To gain some (very rough) intuition for the Laplacian, I think it's helpful to think of the Laplacian on $\mathbb{R}$, which is just the second derivative $\frac{d^2}{dx^2}$. (This answer may be more elementary than the OP was looking for, but I wish I had kept some of these things in mind when I first learned about the Laplacian.)
Just as Anthony's answer discusses, the second derivative at $p \in \mathbb{R}$ measures how much $f(p)$ deviates from average values of $f$ on either side of it. If the second derivative is positive, then $f(p)$ is smaller than the average of $f(p + h)$ and $f(p - h)$ for small $h$. (As I would tell my calculus students, the trapezoid rule for Riemann sums is an overestimate when the second derivative is positive.)
Generally, a function is harmonic if and only if it satisfies the mean value property. In $\mathbb{R}$, harmonic functions are simply linear polynomials, which of course are precisely the functions that satisfy the mean value property.
The maximum principle states roughly that if $\Delta u \geq 0$, then local maxima of $u$ do not occur. This is a generalization of the familiar "second derivative test" from calculus, which says that if the second derivative of $u$ is positive, then local maxima of $u$ do not occur (the graph of $u$ is concave up).
Finally, let me go up one dimension and mention some of my intuition for harmonic functions $u(x,y)$ of two variables, in which case $\Delta u = \frac{\partial^2 u}{\partial x^2} + \frac{\partial^2 u}{\partial y^2}$. If $u$ is harmonic, then $\frac{\partial^2 u}{\partial x^2} = - \frac{\partial^2 u}{\partial y^2}$. This says that the graph of $u$ must always look like a saddle: if, say, the graph is concave up in the $x$-direction ($\frac{\partial^2 u}{\partial x^2} > 0$), then it must be concave down in the $y$-direction ($\frac{\partial^2 u}{\partial y^2} < 0$). When I picture a saddle-shaped graph in my head, I think I can also see why the maximum principle has to hold for harmonic functions, since a saddle has no local extrema.
I think the most important property of the Laplace operator $\Delta$ is that it is invariant under rotations. In fact, if a differential operator on Euclidean space is rotation and translation invariant, then it must be a polynomial in $\Delta$. That is why it is of such prominence in physical problems.

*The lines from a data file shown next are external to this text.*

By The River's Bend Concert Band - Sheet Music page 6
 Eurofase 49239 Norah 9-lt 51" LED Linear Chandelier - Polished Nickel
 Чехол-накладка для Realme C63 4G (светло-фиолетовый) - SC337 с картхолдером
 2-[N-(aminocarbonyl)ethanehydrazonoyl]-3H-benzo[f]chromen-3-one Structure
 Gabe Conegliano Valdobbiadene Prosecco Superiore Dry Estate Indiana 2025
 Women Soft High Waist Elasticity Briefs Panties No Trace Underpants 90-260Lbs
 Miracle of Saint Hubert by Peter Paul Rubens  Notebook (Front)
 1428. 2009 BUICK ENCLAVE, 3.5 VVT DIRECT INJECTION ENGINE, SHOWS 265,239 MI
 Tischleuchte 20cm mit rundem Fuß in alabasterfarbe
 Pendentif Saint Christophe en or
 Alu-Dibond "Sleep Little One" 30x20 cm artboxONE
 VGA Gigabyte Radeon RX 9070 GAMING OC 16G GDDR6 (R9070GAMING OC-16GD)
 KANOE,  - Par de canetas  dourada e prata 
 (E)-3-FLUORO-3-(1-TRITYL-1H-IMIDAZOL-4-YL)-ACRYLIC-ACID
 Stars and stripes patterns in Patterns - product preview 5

Some good books on the subject:
Rosenberg's The Laplacian on a Riemannian Manifold.
Gurarie's Symmetries and Laplacians.
Another view along the lines of the answers above:
Suppose you have some region in the plane $\Omega$, and you are given the value of some scalar function $f$ along the boundary $\partial \Omega$. You now want to fill in $f$ on the interior of $\Omega$ "as smoothly as possible." (A common physical interpretation is that $f$ is the heat of the region: you are fixing the temperature of the boundary of $\Omega$ and want to know what the temperature on the interior will be at steady state.)
What does "as smooth as possible" mean? Well, one measure of the smoothness of $f$ is to look at its gradient $\nabla f$ and measure $$E(f) = \int_{\Omega} \|\nabla f\|^2\,dA.$$ Notice that this integral, called the Dirichlet energy of $f$, achieves its lowest possible value of $0$ when $f$ is constant. The less smooth (to first order) that $f$ is, the higher the Dirichlet energy will be. Making $f$ as smooth as possible means finding the $f$ that satisfies the boundary conditions and minimizes $E$.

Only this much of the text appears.